They explore all that in their first duet and onslaught of age jokes. But it quickly becomes apparent that age is not going to be a factor in the show. There is a real chemistry between the two performers that makes the duet portions of the show shine.
Campbell, an Australian, seems to benefit most from the teasing with Marcovicci on the duets and comedy bits. He does hugely well in his solo spot, but when the two of them sing together, Campbell blossoms into a deeper and more mature performer (although his parody of Mandy Patinkin, a definite solo spot that even has Marcovicci chuckling, is a highlight of the show).

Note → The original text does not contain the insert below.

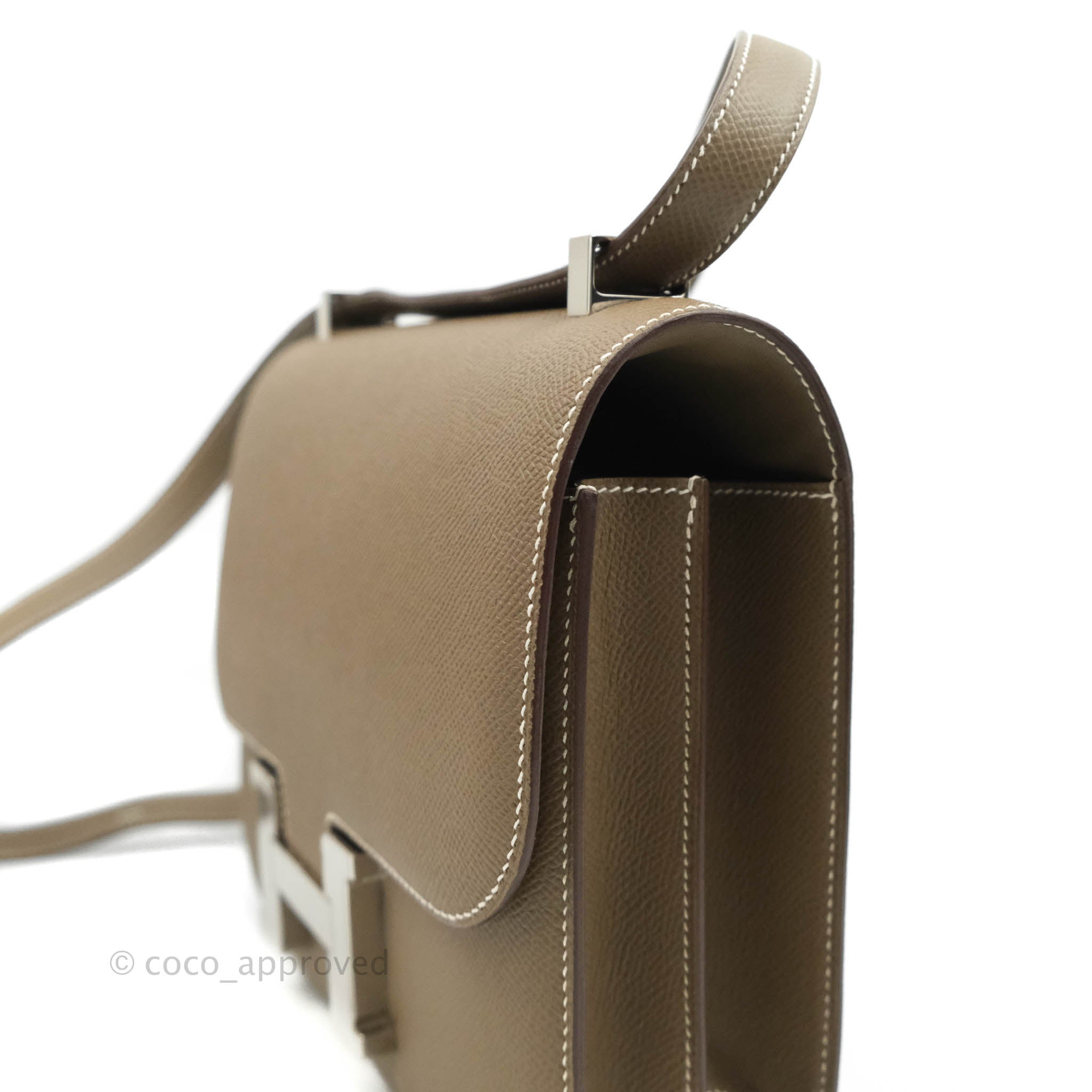 Hermès Constance 24 Seagull Grey Gris Mouette Epsom with Palladium Hardware  - Bags - Kabinet Privé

But Marcovicci, single or duo, is a powerhouse. Her voice is lovely and fascinating, and there is no one who can handle a lyric better. She seems able to claim any song as her own with unique styling and phrasing that add increasingly complex colors to even familiar standards.
Telling the audience she appears so much in San Francisco (she'll be back Sept. 9 to star in 42nd Street Moon's "On a Clear Day You Can See Forever"), that the audience has heard everything she knows. So her program featured songs somehow connected to Shakespeare, part of a project she is doing for a New York theater.
There were some sonnets and soliloquies set to music, but she also delivered tunes from "The Boys From Syracuse" and "Kiss Me Kate," so those who came with standards in mind weren't disappointed.
And then, when Campbell rejoined her onstage, the two were delightful in a couple of duets from "South Pacific," and closed the show with a funny encore of the Beatles' "All You Need Is Love."